Precision or margin of error

It tells you how much error or imperfection in your result you are willing to accept. If you are willing to accept a larger error then your sample size would be smaller and vice versa. For example, let’s assume that 40% of the people in a sample prefer a political party. With a margin of error of 5%, you will be ‘fairly’ confident that the proportions of people in the population preferring a political party are between 35% and 45% (i.e. 40 ± 5). This range is called confidence interval in statistical jargon. Similarly, with a 2% margin of error the confidence interval will be from 38% to 42%. Thus with a 2% margin of error, you will get a more precise answer than with a 5% margin of error but you would need a larger sample size.

Level of confidence

Note that we can only be fairly (not 100%) confident that 35% to 45% of people would prefer the political party in the above example. This word ‘fairly’ is quantified using the level of confidence. Usually a value of 95% for the level of confidence is used but other levels (such as 90% or 99%) can also be used. So if you want to be 99% confident of your result that 35% to 45% of people prefer a party, you will have to select a larger sample size than if you are willing to be a little less (95% or 90%) confident. Statistically speaking, a 95% confidence means that if you repeat your survey a large number of times, and calculate confidence interval each time, your intervals will include the true population proportion 95% of the time. If you are not sure of what confidence level you need, it is better to stick to the conventional value of 95%.

That’s it! So assuming an infinite population, you just need to specify the expected proportion (use 50% if you are not sure), the level of confidence (use 95% if not sure) and the margin of error to calculate sample size for estimating a proportion.

Notes:

Margin of error can be a bit tricky to decide as its interpretation depends on the expected proportion. For example, a margin of error of 5% is okay for 40% expected proportion (as the confidence interval will be from 35% to 45%) but not for an expected proportion of 4% as the confidence interval will be from -1% to 9% which will not make any sense. Therefore, sometimes it is recommended to select the margin of error relative to the expected proportion. For example, if we decide on a relative margin of error of ‘10% of the expected proportion‘ then the absolute margin of error will be 5% for an expected proportion of 50% (i.e. 10%*50) and 0.5% for an expected proportion of 5% (10%*5).

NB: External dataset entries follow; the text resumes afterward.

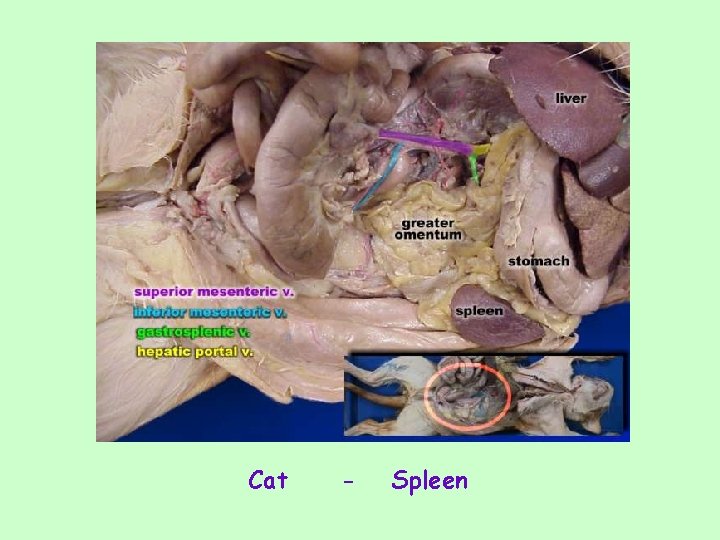 Cat - Spleen 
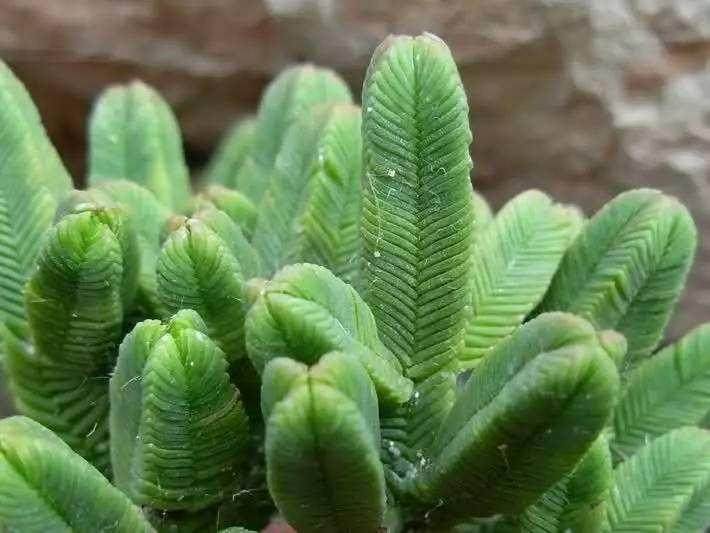 青锁龙是一种常用于盆栽观赏的多肉植物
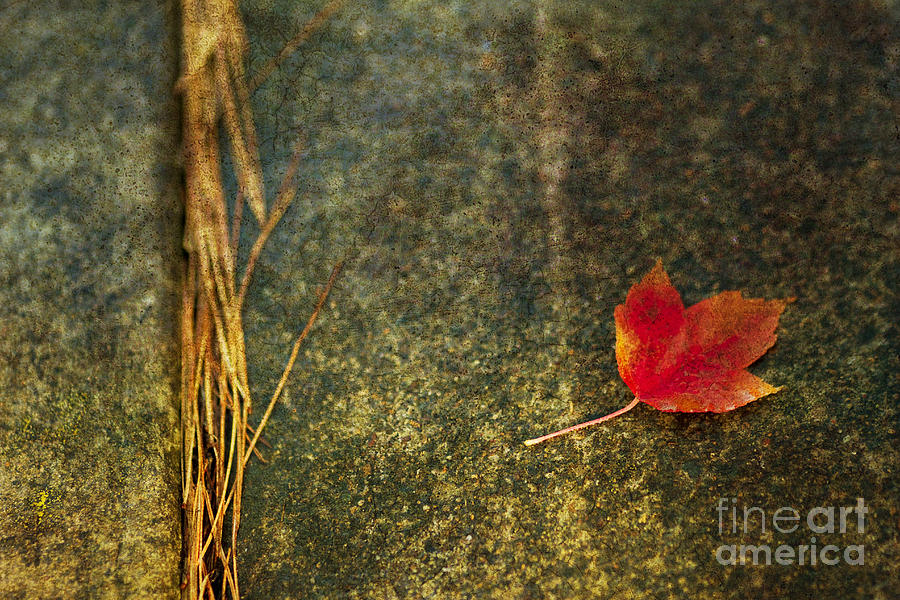Fall Photograph - Leaf Zen S by Rebecca Cozart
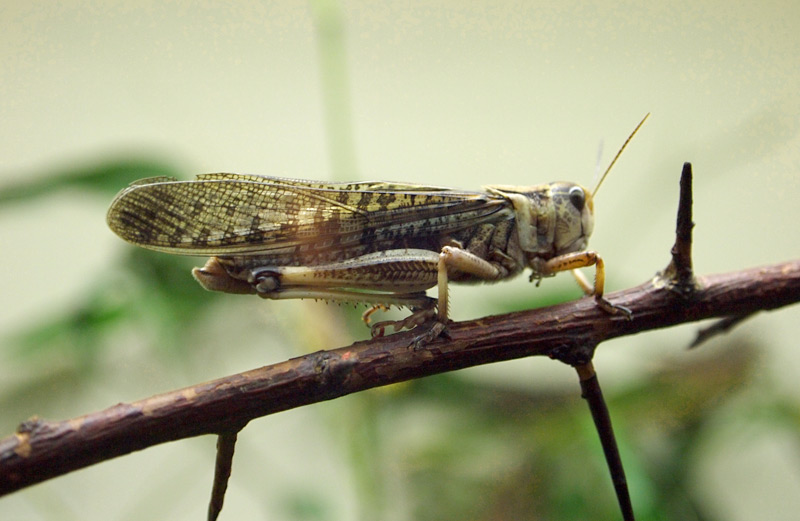 [heuschrecke.jpg]
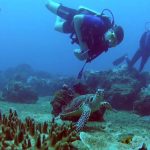 Kalpitiya Diving Center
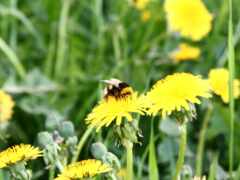 bumblebee, одуванчик, makryi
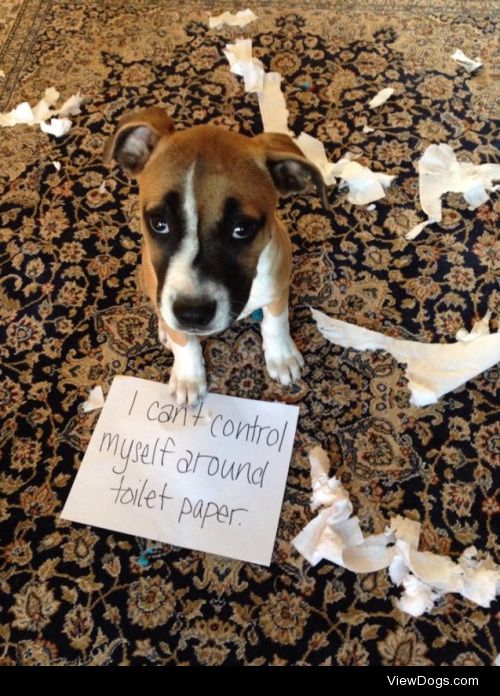 WHO BOUGHT ONE-PLY?!?!?

My three month old puppy loves to get…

Both of these margins would make good sense.
The above approach will calculate sample size for estimating a proportion with a certain confidence. The approach to calculate sample size for comparing proportions is a bit different. I will discuss it in future blog.
This sample size calculation assumes simple random sampling. We will discuss calculation of sample sizes for other designs in a future blog.

Implementation

Sample size can be easily calculated using a calculator that we recently developed : http://statulator.com/SampleSize/ss1P.html. The calculator also shows you visualisation of the changes in sample size for a range of expected proportions and margins of errors. You can also create a table with a range of sample sizes and download it for discussion with your colleagues or collaborators.

For example, if you expect 15% of teenagers in a large population to be obese and you want to estimate this proportion with 95% confidence and with 10% relative margin of error (i.e. 10%*15 = 1.5% absolute margin of error), specify these values in the calculator and click calculate to obtain the required sample size (2177 individuals). The calculator will also interprets the results for you which you could adapt for your project proposal or a journal article.

This calculator also provides you some other options to adjust sample size for clustering, response rate etc. which I will discuss in a future blog.